In training, if someone got the better of me, I would be frustrated. I would make excuses to myself. I was tired, he was stronger than me, anything other than accepting the reality, that this was this. Gradually, however, I began to realise that most of what happens to you is a direct result of your actions, or lack of them. Some is not, of course, but even if it is not, it is your responsibility. If you have lazy tendencies in your personality (like I do), then you will achieve the results of a lazy person. Why was I losing in jiujitsu? Why was he stronger? Why was I tired? He was stronger because he worked out more than me. I was tired because I made the decision to go to bed late. Almost every frustration could be traced back to a poor decision. Nothing was a mystery. And eventually, the phrase started to make real sense to me. This is this. This isn’t something else. I am responsible for it, and even if I am not, it has fallen in my lap, and I have to deal with it.
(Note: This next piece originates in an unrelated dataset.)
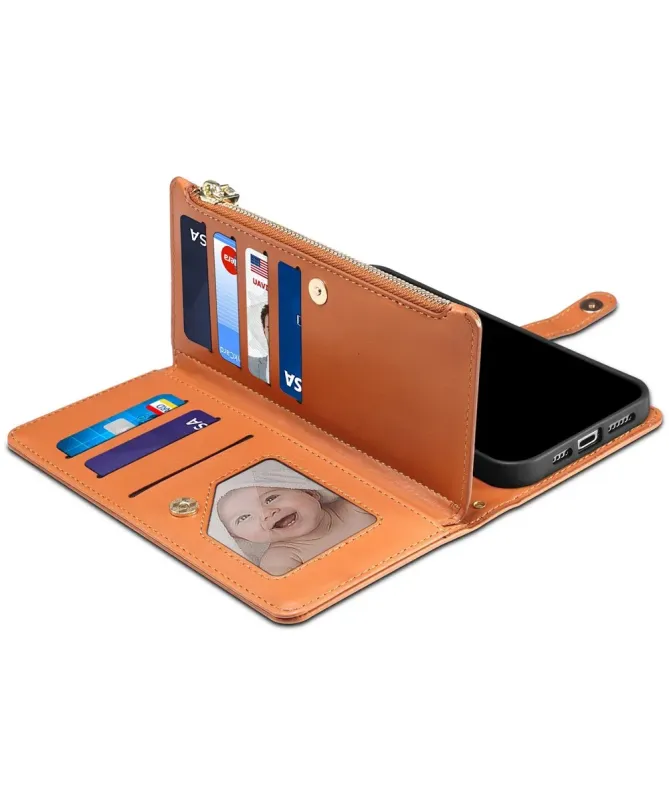 Housse Samsung Galaxy A17 5G feuilles colorées et zip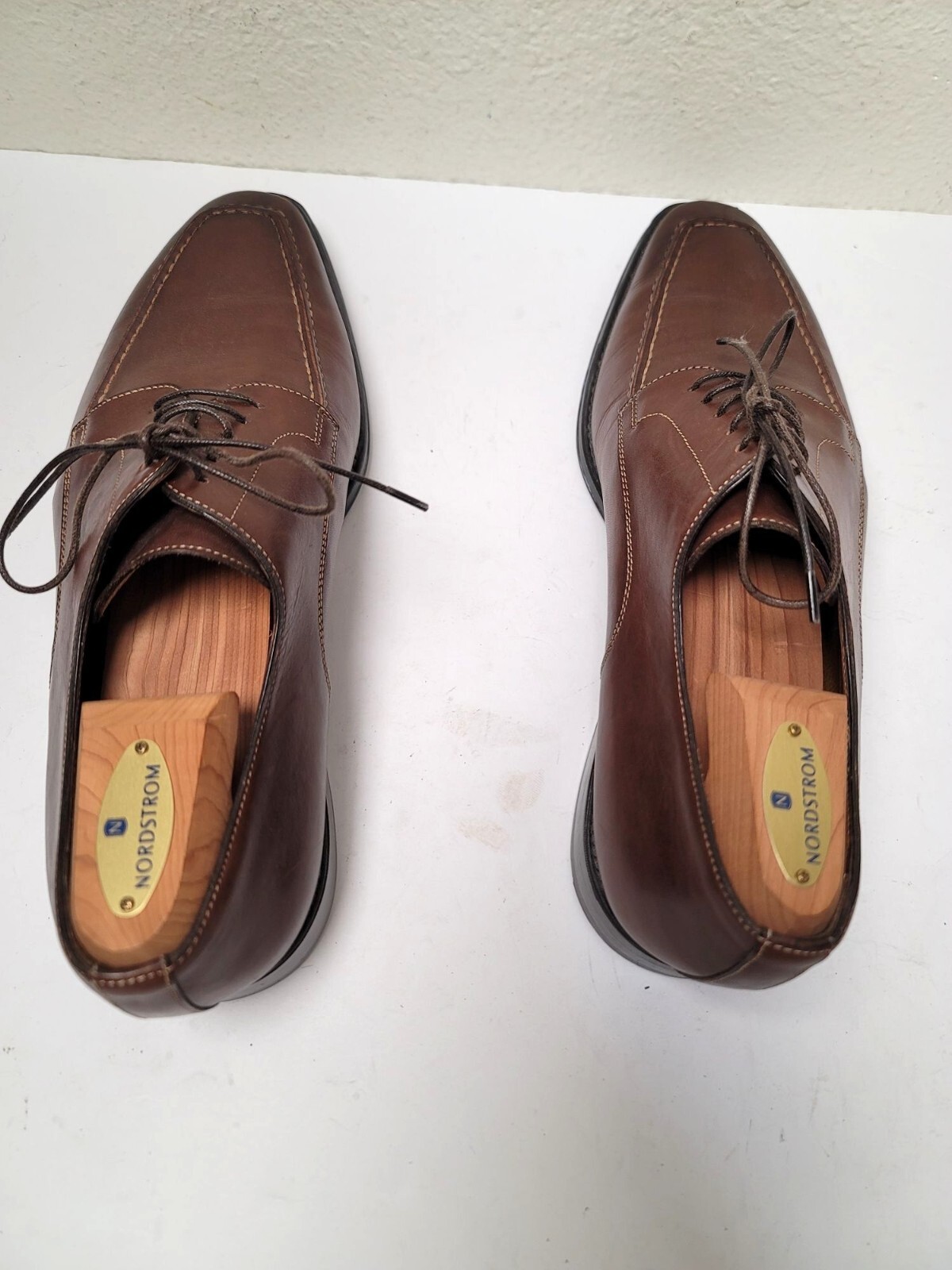 Santoni Men’s Oxfords Brown Leather Lace-Up Dress Shoes Size 8.5 EE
Now as a black belt, I continue to get mileage from this line from a film that is almost 50 years old. Sometimes (a lie – ‘fairly regularly’ is probably more accurate), a lower belt will tap me out. In fact, I’d say it happens every week. This used to frustrate me. Now, I think to myself, this is this. I wonder what happened. I can usually trace it back to a few things. I zigged when I should have zagged. I lost the underhook. I did not train enough. Or maybe I did stay up too late the night before. Or maybe this lower belt, at that moment in time, was better than me. So what? This is this. I could improve ‘this’. I could train more. I could sleep better, eat better. I could watch more instructionals. But I don’t. So this is this. I have a black belt. A purple belt tapped me. I don’t care. You can take this belt off my waist and put it around yours. This is still this, I will still turn up to the gym on Tuesday and Thursday nights and do the best I am capable of at that time.
To say I don’t care is not entirely accurate. I do care, but I just do slightly better at removing the pointless complaining and blaming of external factors from the equation, and just accept things for what they are at that time.
If you forget to bring a pair of cold weather boots in life, you only have yourself to blame.